Top of RECORDS FOR THIS TASK

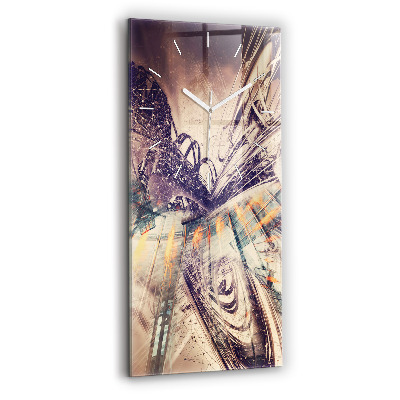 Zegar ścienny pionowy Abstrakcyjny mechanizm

Bottom of RECORDS FOR THIS TASK
Top of RECORDS FOR THIS TASK

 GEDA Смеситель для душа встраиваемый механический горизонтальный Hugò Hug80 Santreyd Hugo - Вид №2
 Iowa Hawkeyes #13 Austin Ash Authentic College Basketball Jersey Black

Bottom of RECORDS FOR THIS TASK

> TASK DETAILS
An exact copy of the lines above, from the one containing "GEDA Смеситель для" down to the one containing "Iowa Hawkeyes #13" and including both, is the whole answer; retype it and nothing else.

> PROBLEM SOLUTION
 GEDA Смеситель для душа встраиваемый механический горизонтальный Hugò Hug80 Santreyd Hugo - Вид №2
 Iowa Hawkeyes #13 Austin Ash Authentic College Basketball Jersey Black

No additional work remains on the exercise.